Newton’s misfortunes were largely the result of his own choosing.
On one occasion he became employed on a slave trader in North Africa.
                He soon fell sick, was unable to care for himself, and nearly starved to death.
                        He was so ill that the slaves in chains pitied him,
                                sharing their meager portions with him.
                                        Yet, he still remained stubbornly wicked,
                                                and in his degeneracy tried to influence others to live as he did.

During those years he often entered into a state of spiritual awakening,
        but those moments were short-lived,
                and he invariably lapsed into a more wicked and loathsome direction.

Even in his youth he became, almost inexplicably,
        the captain of a slave ship,
                landing at least one load of human cargo in Charleston, South Carolina,
                        where hurricane Hugo and Ike are soon to appear.
                                It is reported that at times he was so wretched
                                        that even his crew regarded him as little more than an animal.

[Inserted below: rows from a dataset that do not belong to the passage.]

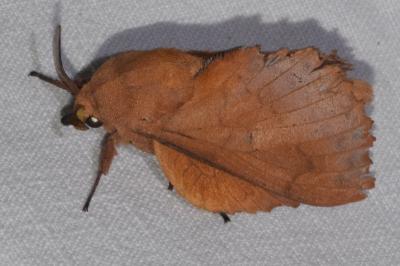 <i>Gastropacha quercifolia</i>
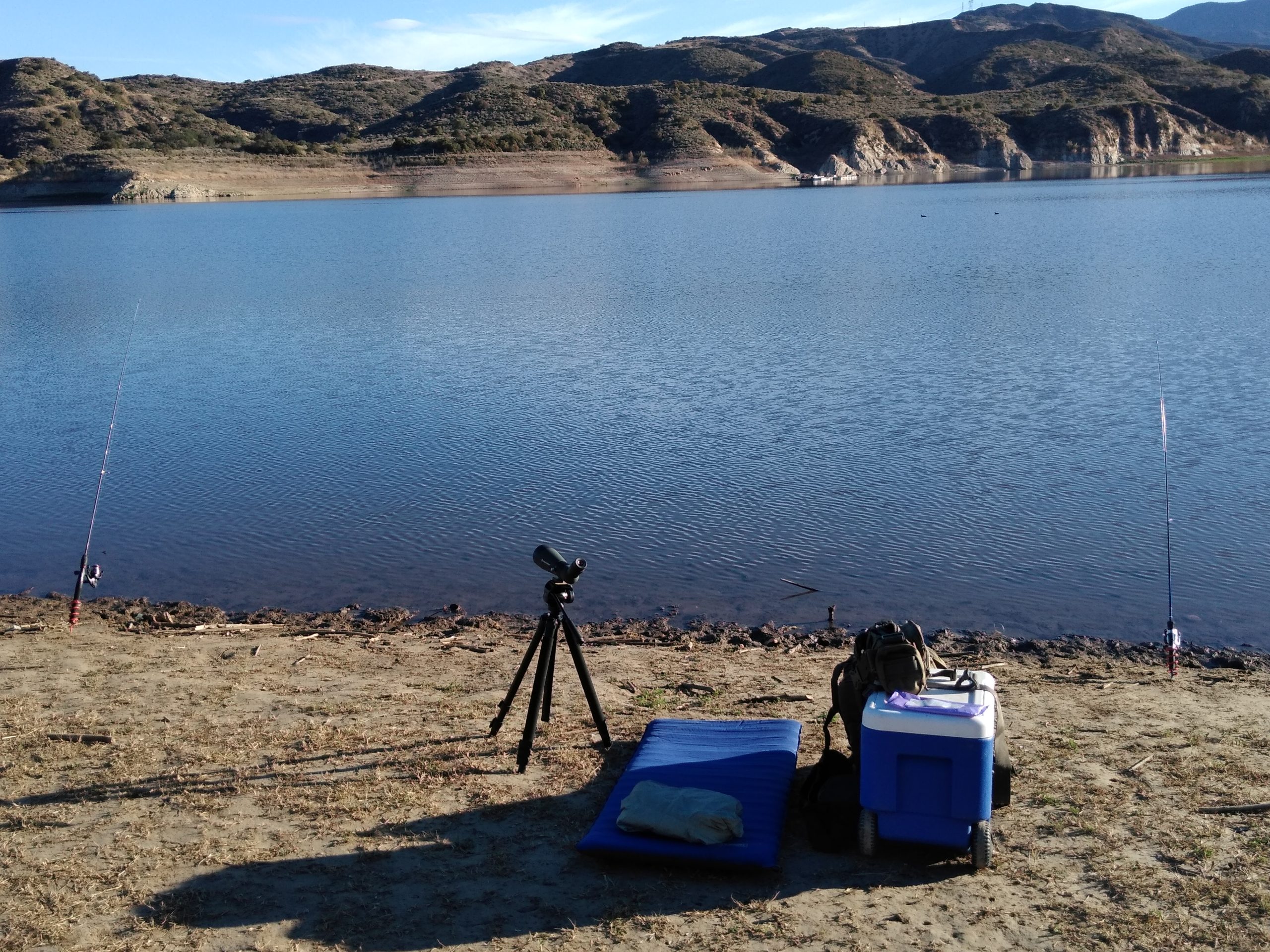 Celestron TrailSeeker Tripod for Spotting Scopes, Binoculars & Cameras | Quick-Release Plate, Smooth Pan & Tilt customer photo 1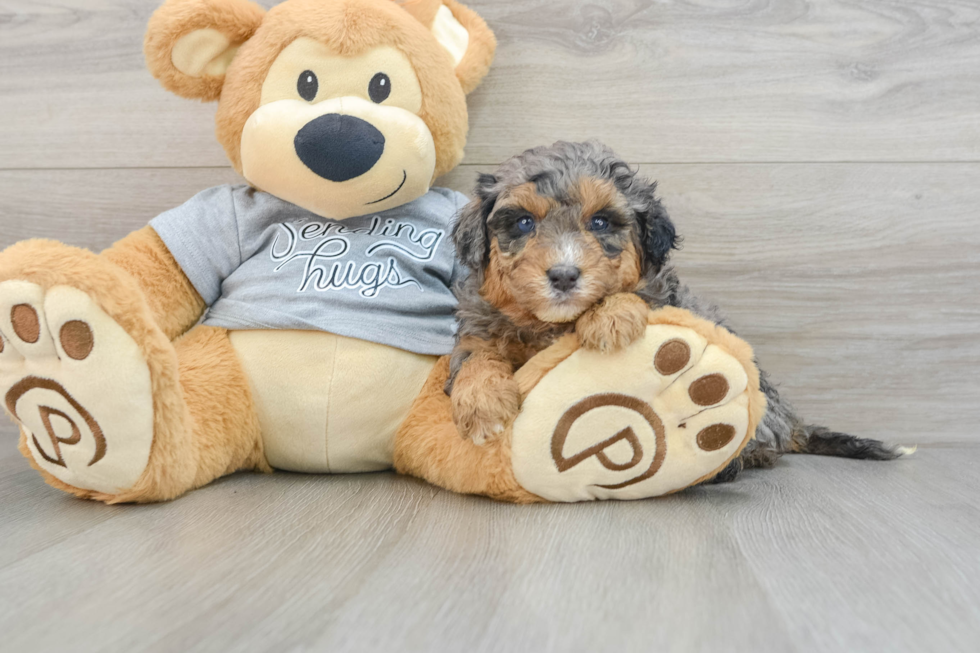 Friendly Mini Aussiedoodle Baby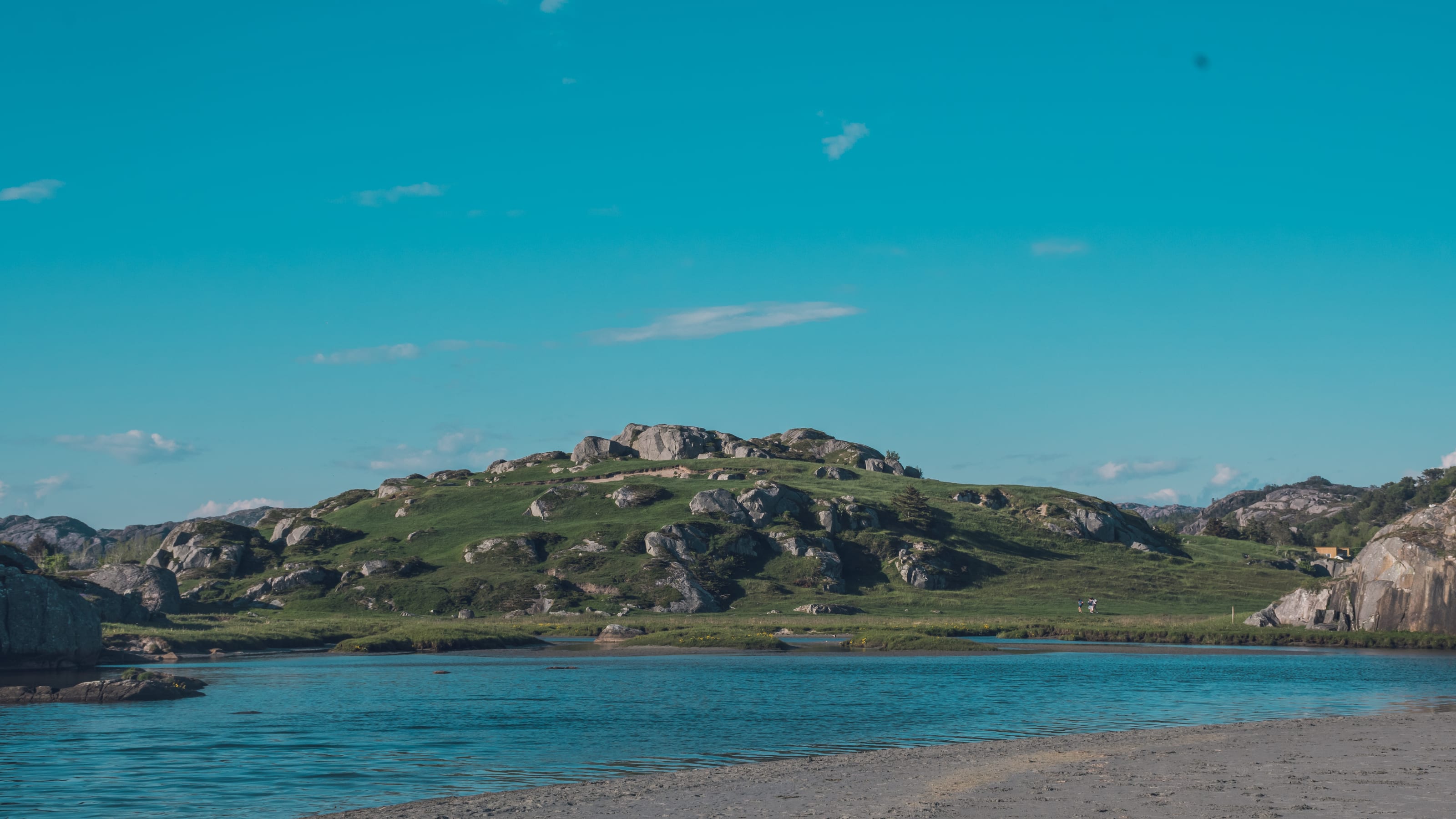 Sheep grazing across a vivid green coastal pasture in coastal Norway.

                                                He seemed oblivious to the plight of the poor black slaves
chained in the hold of his ship.
                                                                                       
That’s the kind of wretched life John Newton lived.
As we reflect on that life, think of this:
                if ever there was a wretch, he was …
                        if ever there was a lost soul, he was …
                                if ever there was blindness to the world around him, he had it …
                                        if ever there was a man whose heart was hardened, his was …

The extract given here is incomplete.